Las personas dejan un legado que, casi siempre, constituye lo más relevante que han aportado durante su existencia. Eso puede ser valioso en términos positivos o enormemente negativo en otros.

Ciertos dictadores no merecen elogio alguno. En su balanza han pesado mucho más sus visibles maldades que sus eventuales virtudes. Por eso son recordados por lo peor. Eso no impide identificar sus aciertos y diferenciarlos de sus yerros, pero el juicio de valor sigue siendo adverso.

Cuando se habla de “Diego” se menciona a un deportista que trascendió por sus logros no sólo por sus campeonatos ganados, sino por su rol de promotor del deporte y referente de su país en el mundo. Su fama fue tan notable que una nación, casi desconocida, se convirtió repentinamente en su sinónimo en los más recónditos rincones de cada continente.

Claro que cometió excesos. Negarlo sería innecesario. La mayoría de sus errores han pertenecido a su ámbito estrictamente privado y ha pagado con creces las consecuencias de esos desatinos. Su salud y su prestigio se deterioraron gracias a su recurrente insensatez. Sus posiciones políticas también le han generado adversarios, por sus frases rimbombantes, por sus abruptos cambios de postura y por los polémicos personajes que aplaudió en diferentes momentos históricos.

Esa pretensión de imaginar al ídolo como un ser magnífico es infantil. Esa idealización es caricaturesca y se aleja, por lo tanto, de la verdad. Sólo en las fantasías se podría aceptar que los héroes carecen de vicios.

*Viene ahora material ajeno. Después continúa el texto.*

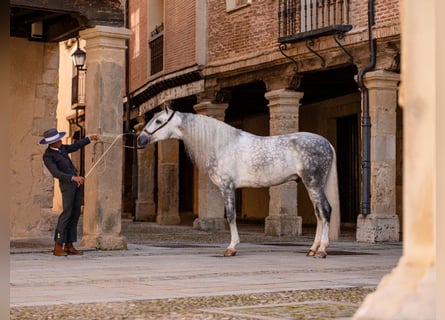PRE Mix, Stallone, 8 Anni, 167 cm, Grigio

Una ridícula versión de este falso nacionalismo ha construido esa idea de que los “padres fundadores” eran impolutos, intocables y sólo destilaban una larga nómina de virtuosos valores. Eso nunca fue así y sólo se puede atribuir a una premeditada deformación de la realidad.

Una sociedad cegada por los fanatismos ha preferido creer el cuento de la perfección de sus próceres omitiendo deliberadamente sus mezquindades, debilidades y flaquezas. Ellos, como todos, han sido imperfectos, hombres de carne y hueso, repletos de vacilaciones e inseguridades.

Por eso justamente, en estas horas, vale la pena poner el énfasis en rescatar el legado, ese que será imborrable para la memoria de varias generaciones. Las anécdotas que validan esta mirada pululan por doquier y es fabuloso que se reproduzcan hasta el cansancio.

Maradona fue un ser humano, un deportista exitoso, un extraordinario jugador de fútbol, que logró notoriedad de la mano de sus habilidades y que brilló en un aspecto específico dejando una estela de enseñanzas a su paso, esas que reconocen sus amigos, pero también sus detractores.

Sus exabruptos y sus constantes tropiezos también formaron parte de esa sinuosa trayectoria, muy parecida a la que recorrieron quienes hoy lo critican desde un inexplicable pedestal. La arrogancia de quienes no le perdonan sus descuidos y malas decisiones no tiene sentido alguno. A lo largo de sus años tomó múltiples determinaciones y, como la totalidad de los mortales, algunas fueron oportunas y otras terminaron de un modo indeseado. La discusión quedará en el aire, pero su legado estará intacto como ha sucedido con tantos otros talentosos a lo largo de la historia.